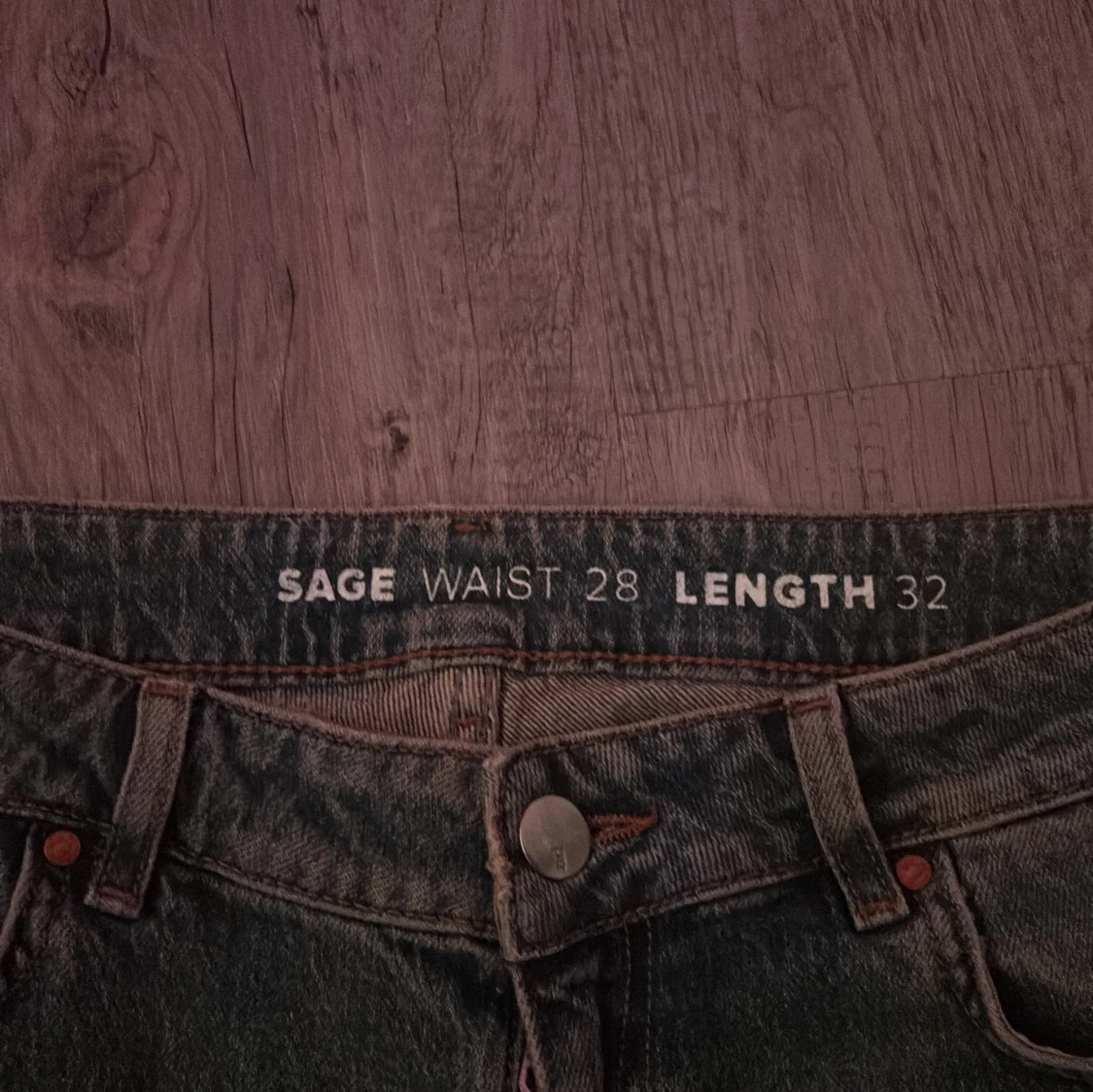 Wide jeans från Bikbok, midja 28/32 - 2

==

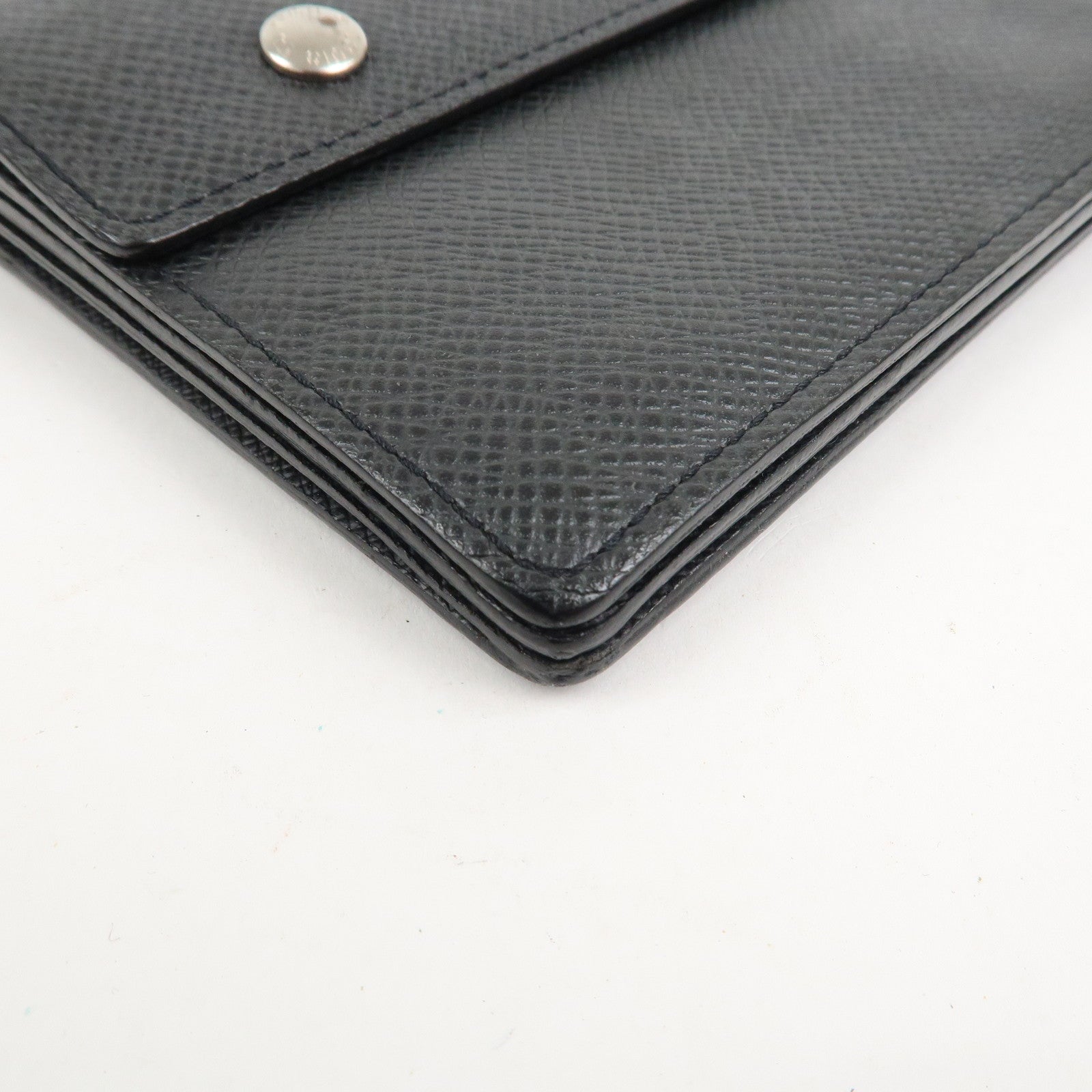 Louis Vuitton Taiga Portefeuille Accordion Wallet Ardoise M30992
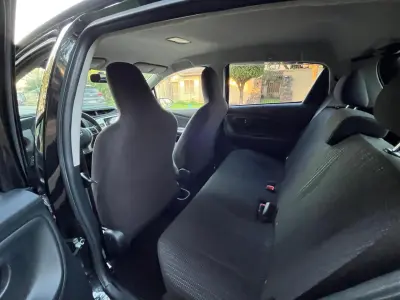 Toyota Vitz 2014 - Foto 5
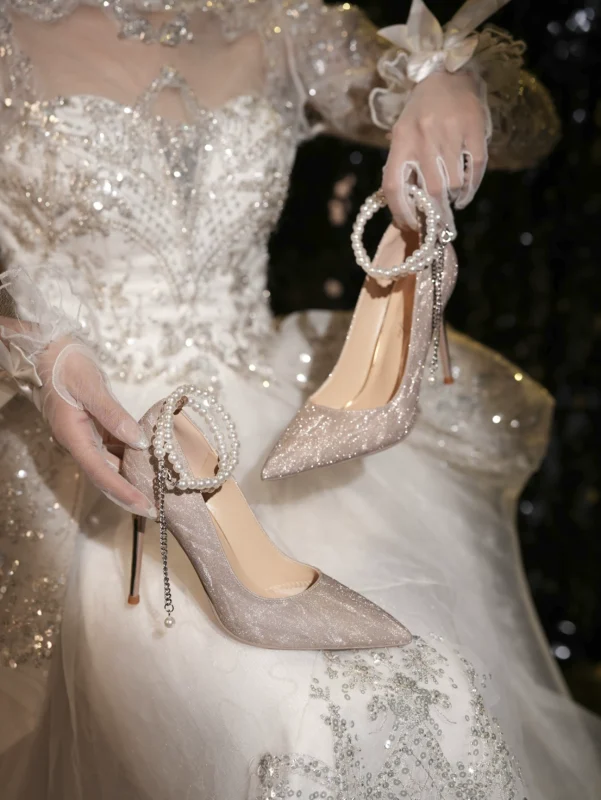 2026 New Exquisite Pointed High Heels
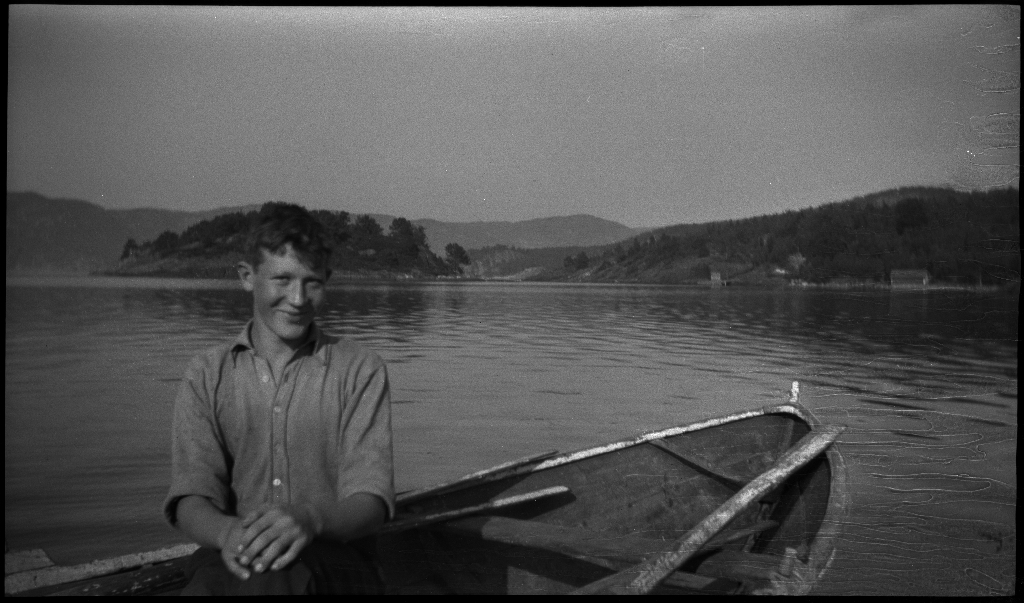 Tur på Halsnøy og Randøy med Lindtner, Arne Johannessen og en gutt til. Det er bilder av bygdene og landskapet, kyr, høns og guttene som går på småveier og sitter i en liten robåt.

==

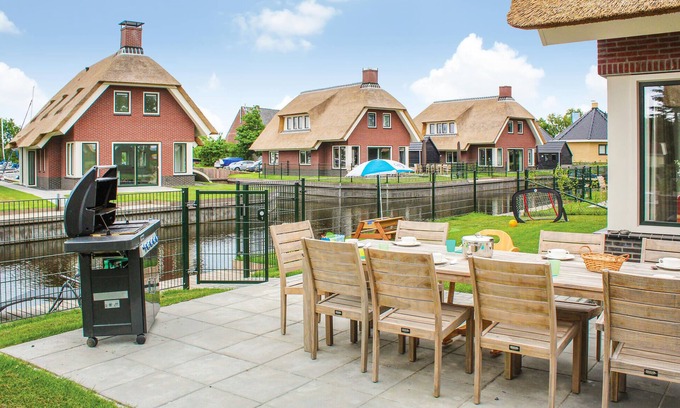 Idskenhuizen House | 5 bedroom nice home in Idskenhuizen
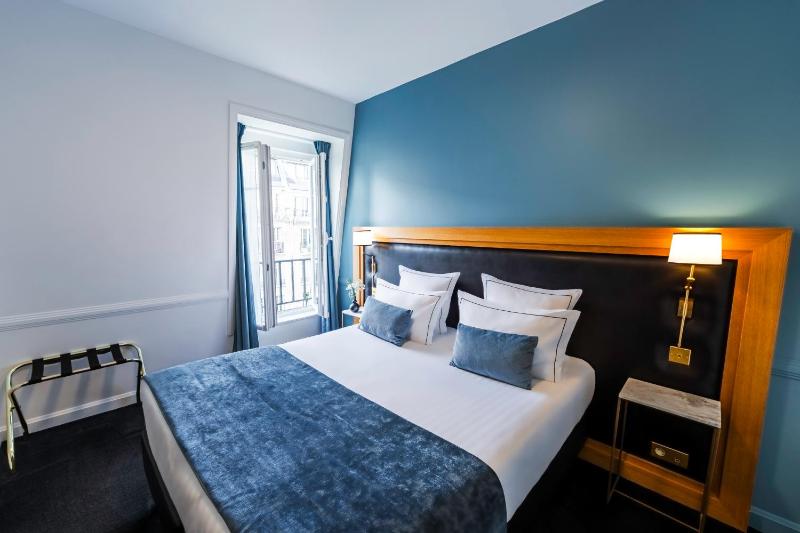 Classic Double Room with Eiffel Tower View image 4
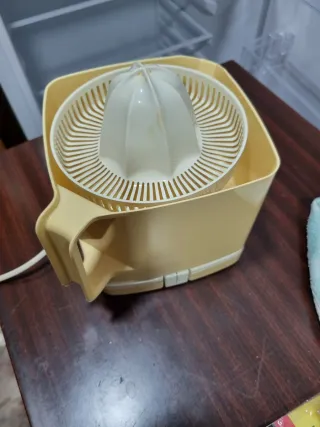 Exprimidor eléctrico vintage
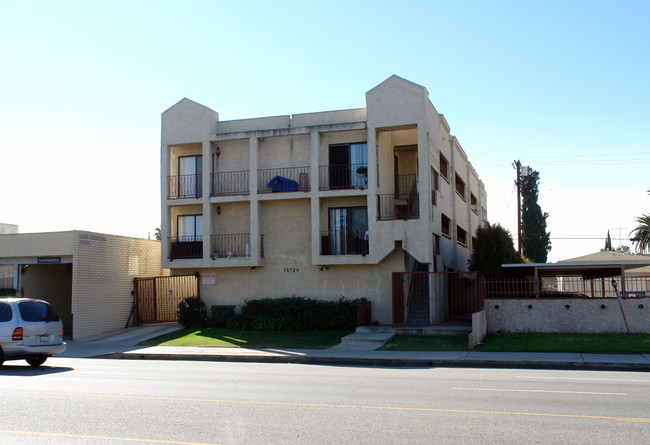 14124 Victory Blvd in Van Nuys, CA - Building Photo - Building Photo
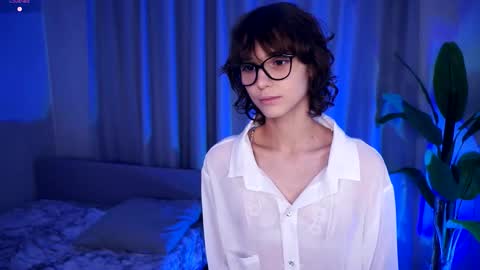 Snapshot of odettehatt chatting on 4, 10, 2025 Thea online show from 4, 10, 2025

(What the task asks)
From the records above, transcribe exactly the lines starting at the one containing "Toyota Vitz 2014 - Foto 5" and ending at the one containing "Tur på Halsnøy". Skip the pictures.

(Problem solution)
 Toyota Vitz 2014 - Foto 5
 2026 New Exquisite Pointed High Heels
 Tur på Halsnøy og Randøy med Lindtner, Arne Johannessen og en gutt til. Det er bilder av bygdene og landskapet, kyr, høns og guttene som går på småveier og sitter i en liten robåt.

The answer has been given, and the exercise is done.